Really, this diagram is a help. No, I'm not kidding. Our goal is to run more or less self-sufficiently with a minimum of noise and exhaust apart from that caused by unfamiliar, local foods. This is why we have various devices to create electricity (wind, solar and small generator, in addition to the usual alternator on a diesel...the part we want to avoid using unless we are actively moving the boat under power); to regulate electricity (various devices to turn loads of volts into the number and amperage batteries will accept); to measure electricity (so we are aware of both production and consumption and can spot shortfalls at either end); and to store electricity (in the form of a honking great bank of stolid batteries weighing in at several hundred kilos).

Now this thingie is an Air-X Marine 400, a smallish wind generator as seen in its unnatural environment of a dock.
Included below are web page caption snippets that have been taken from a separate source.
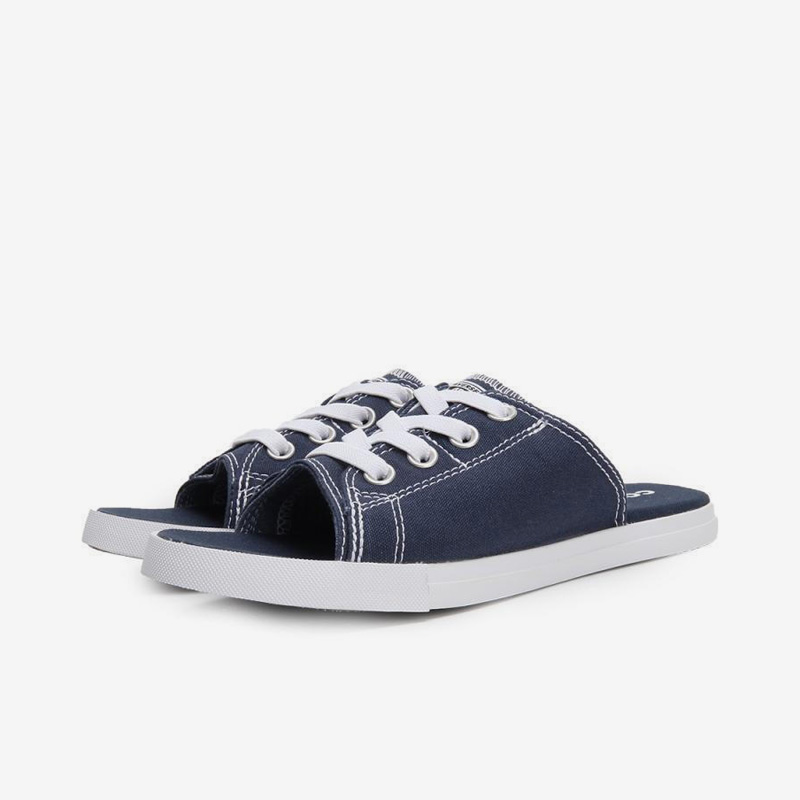 Converse匡威 舒适情侣款一字拖鞋男女同款低帮帆布鞋 150249C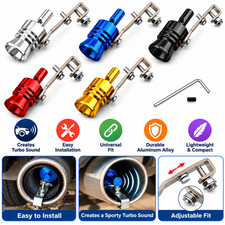 Universal Car Turbo Sound Whistle Exhaust Pipe Oversized Roar Maker For Auto New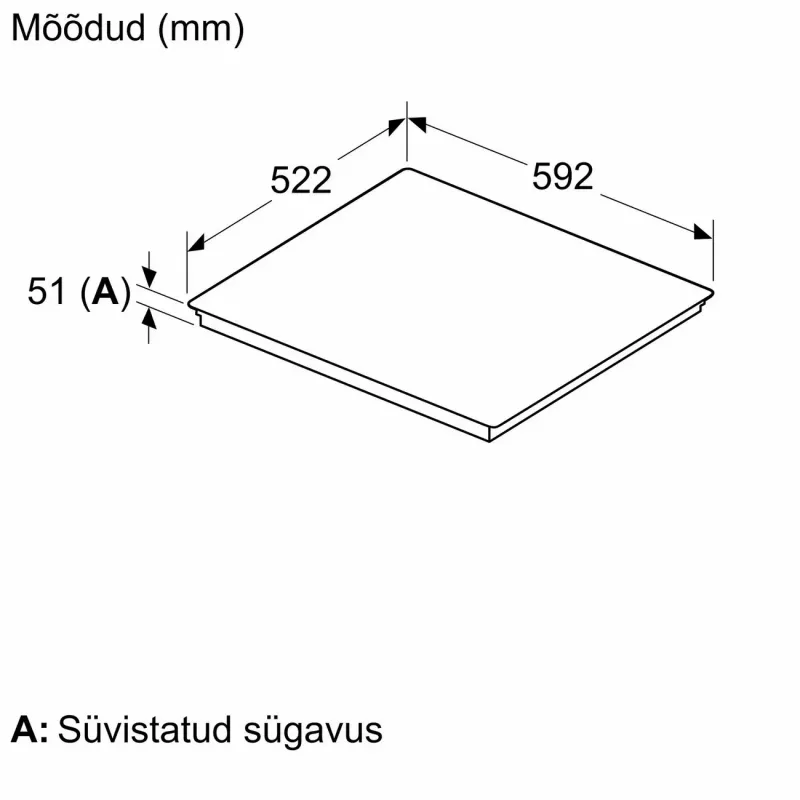 Bosch PIE61ABB5E Płyta indukcyjna 4 strefy TouchSelect Czarny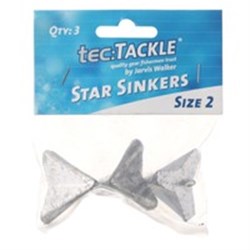 JW Tec Tackle Star Sinkers #2 3PCS
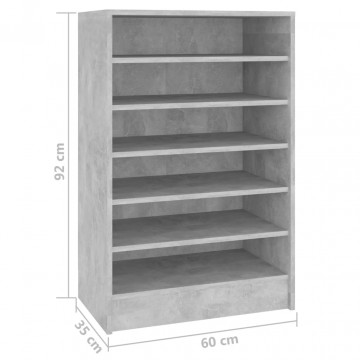 Pantofar, gri beton, 60x35x92 cm, PAL - Img 6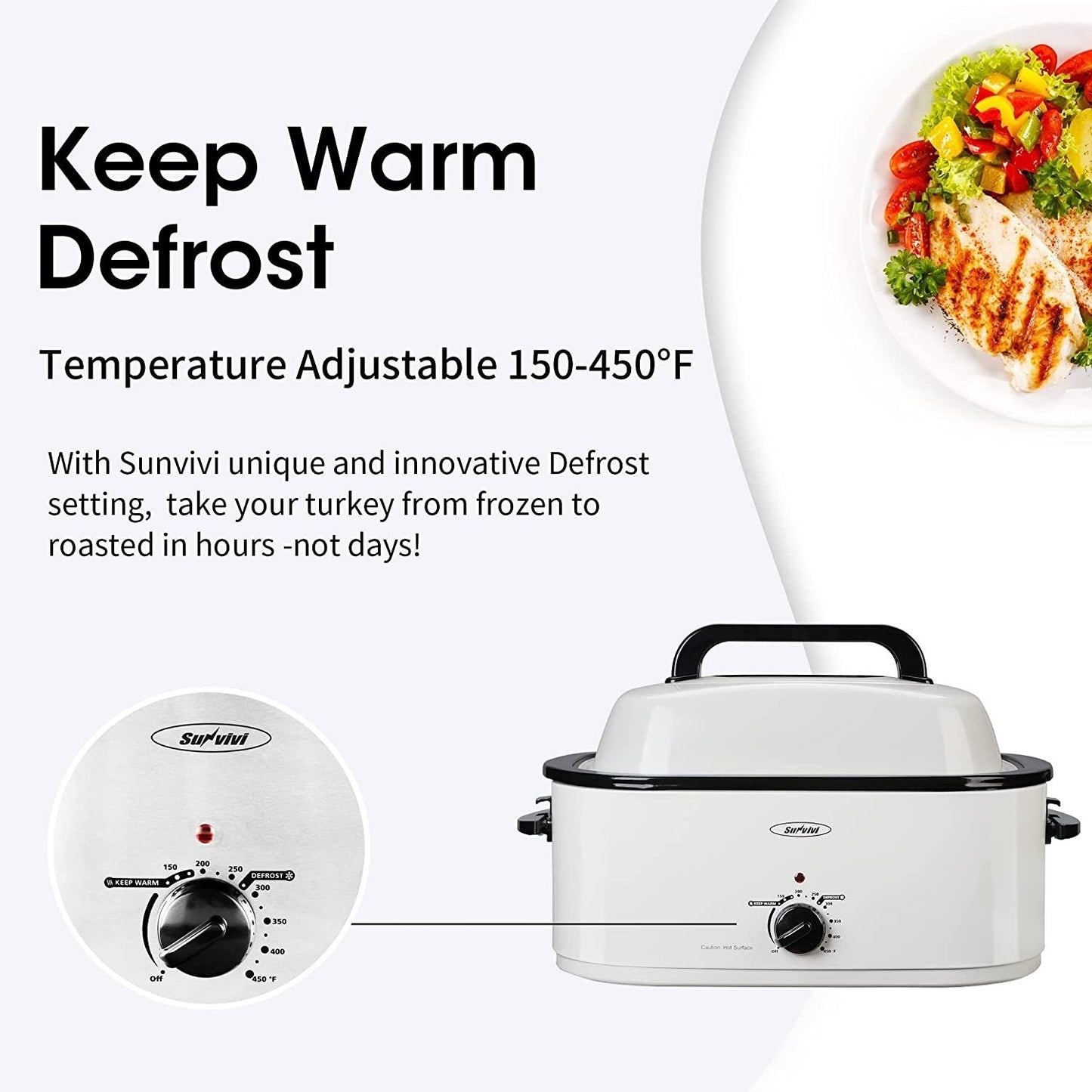 Royalcraft Roaster Oven with Removable Pan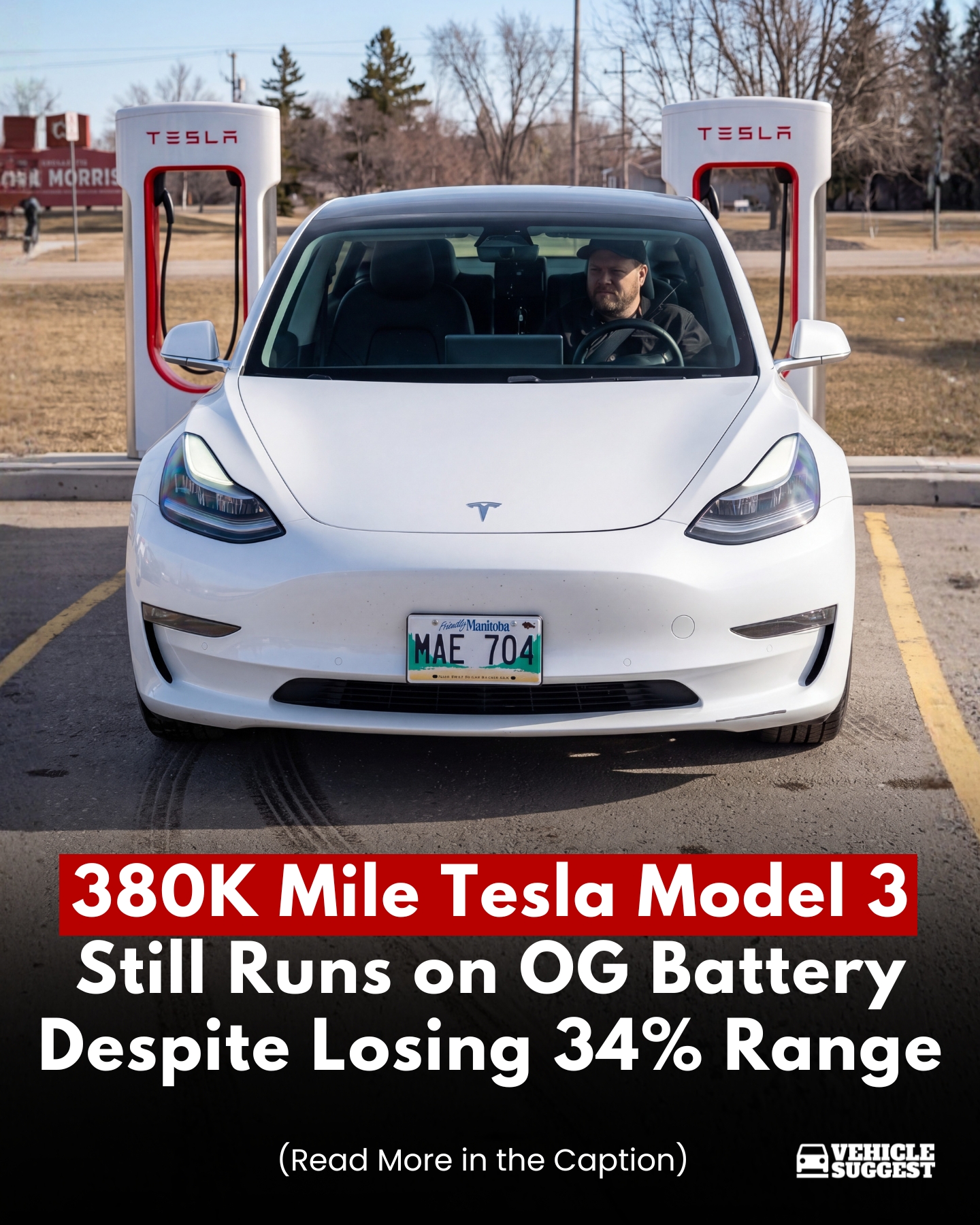 A Canadian buyer picked up a 2019 Tesla Model 3 Standard Range 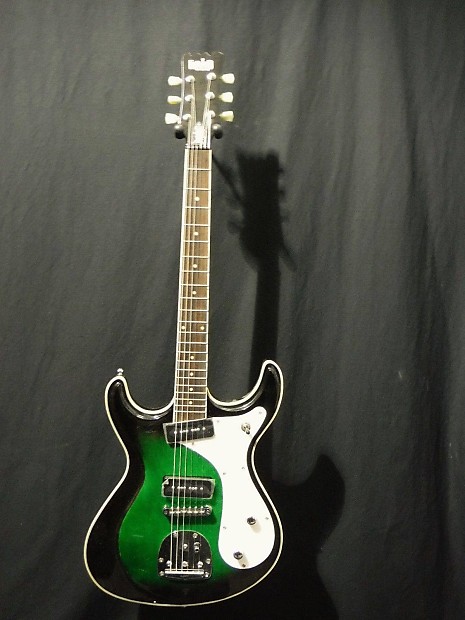Eastwood Sidejack Deluxe Electric Guitar in Green Burst #0505 | Reverb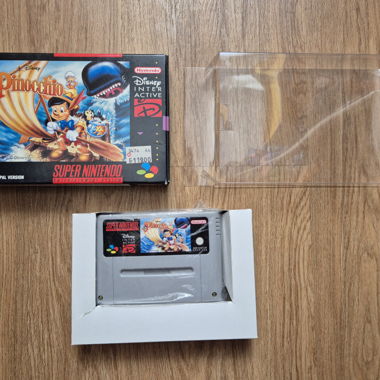 Snes Pinocchio inkl. OVP und Schutzhülle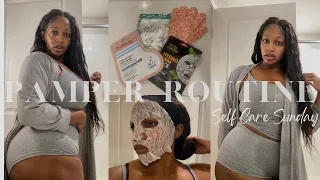 RELAXING SELF CARE DAY 2022 | Pamper Routine & Spa Maintenance + Foot Mask *Sunday reset*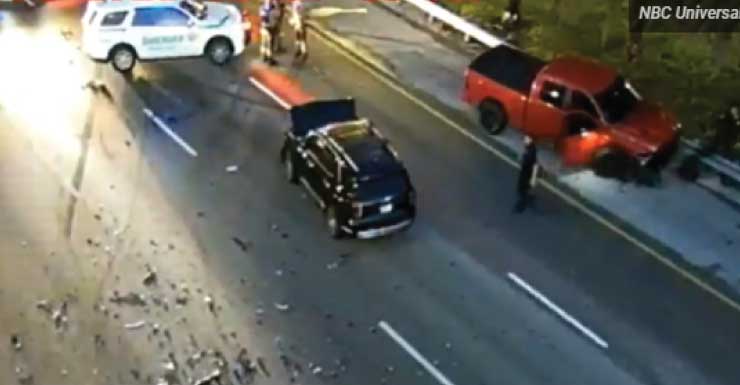 Accidente en Don Shula Expressway en Killian Parkway cierra carriles en dirección norte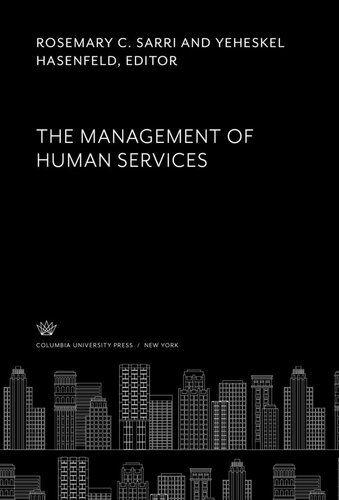 The Management of Human Services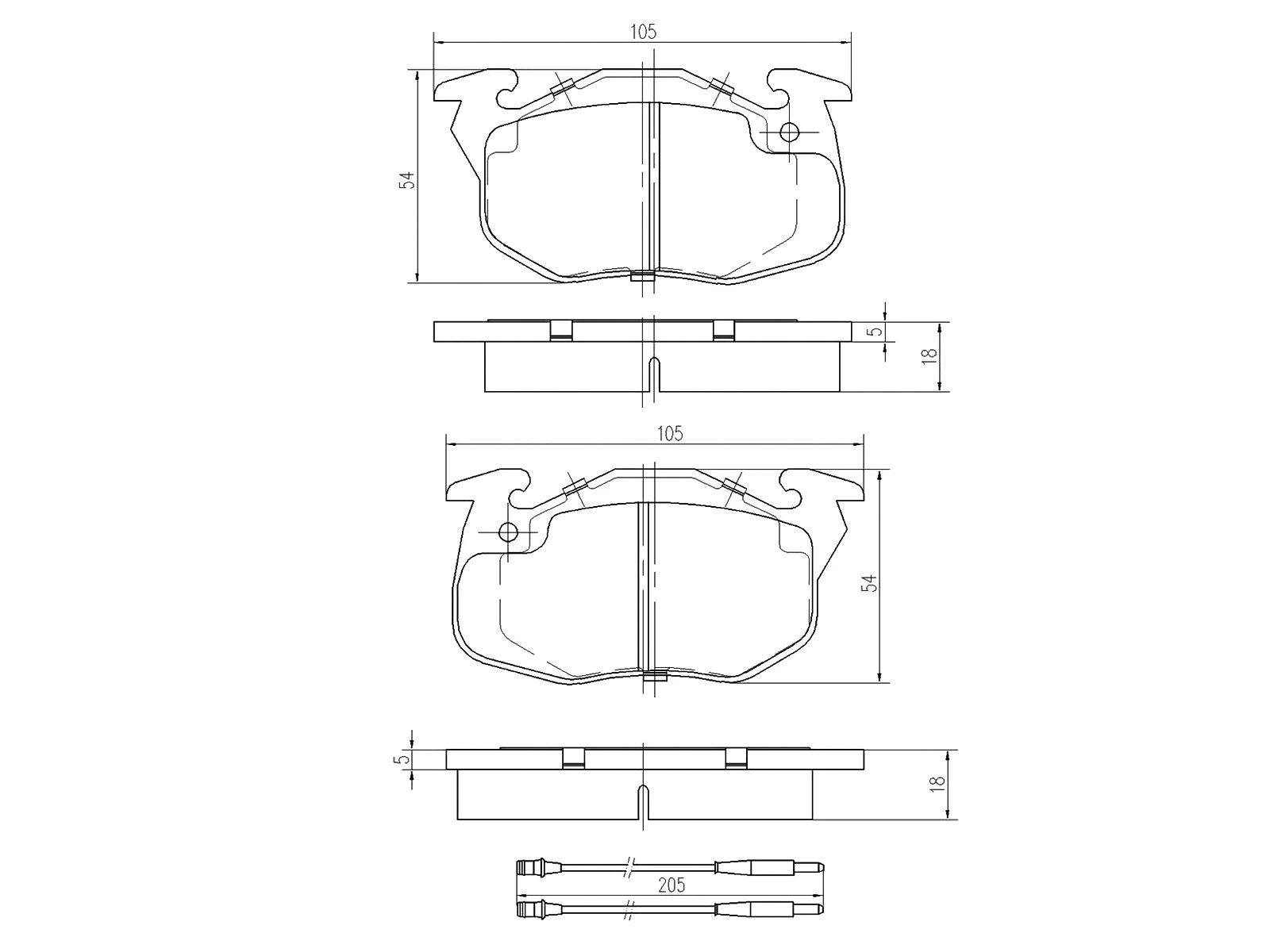 Brake Pad Set, disc brake (AZMT-44-022-1287)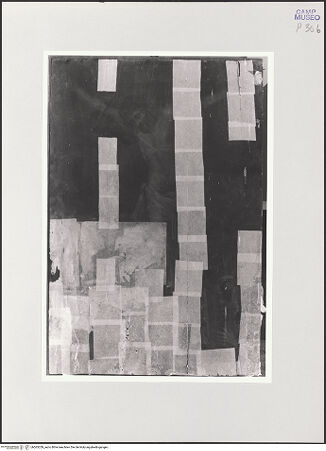 Vorderseite von Sopr. BAS NA [https://www.deutsche-digitale-bibliothek.de/content/lizenzen/rv-ez/] Christus am Kreuz mit den heiligen Franziskus und Antonius von Padua? - Gesamtansicht, bh563259_recto. Foto.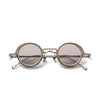 Boell Round Titanium Glasses Frame With Magnetic Sunglasses Clips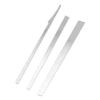 VALICLUD 3Pcs Stainless Steel Kit for Nail Care Dead Skin Remover Tools for Ingrown Nails and Cuticle Care Present for Family and Friends view 1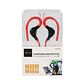 Audífonos Dblue DBABLUE220R Bluetooth rojo y negro - Miniatura 2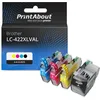Image de PrintAbout huismerk Inktcartridge LC-422XLVAL 4-kleuren Multipack Hoge capaciteit Geschikt voor Brother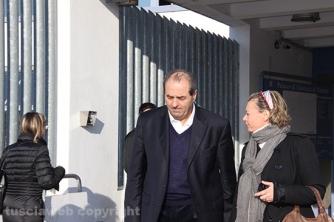 Antonio Di Pietro in tribunale a Viterbo con il suo avvocato Maria Raffaella Talotta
I picked it up still in its original packing at a local yard sale thanks to the alert eyes of a fellow cruiser preparing to head south. Captain Ken Goodings, we salute you!

This is where the wind generator and solar panels will go. I am going to have made a sort of bimini-arch that will support a small amount of cloth by way of a sun and rain shield (there's not a lot of cockpit to cover on the aft deck) but mainly will carry four135 watt solar panels, running about five feet long and nine feet wide. All this has to avoid the wind generator and the wind vane and the crew. The solar panels paradoxically will provide the largest area of shade on deck, unless we deploy big awnings in quiet anchorages. But mainly, they and the wind generator will keep about 840 amp-hours of golf-cart batteries filled with yummy sparks that will keep me in ice cubes for my end-of-day, self-congratulatory rum-based beverages.

Ignore the visual crudeness...those are real numbers, all to scale.

Sailing it old school

This is the view on Canada Day, 2008 from the aged but reliable deck of Valiente, our older, slightly leaky Viking 33. Currently under the care of Capt'n. Tara (see keel caulking activities below), Valiente is docked a few miles west of our largely dissembled "main ship".

Upon learning that Tara wasn't using the boat this week (and I've been asked to unravel the mysterious of mast wiring on her), we decided to take her for a spin. Tara hasn't brought down the full suit of sails, and the Mylar No. 1 would have been more sail than I wanted with 20 knots gusts and no place special to go, so we kept it simple. After all, what with Alchemy in pieces, it's our first sail of the season. Why push things? We had a lovely sail, and look forward to a few more.

Lots more going on the main ship...will post that soon.


Crew leave

Last year, I went to Portugal for a few days to crew on a 12 metre race boat that spends its summers as a cruiser on the south coast (winter is apparently the windy time in Portugal, even if it's pretty nice for winter by frozen Canadian standards).

This year, in a quest to keep our family's sailing experience at a rough par, and by way of an early birthday present, I sent the missus on the same trip.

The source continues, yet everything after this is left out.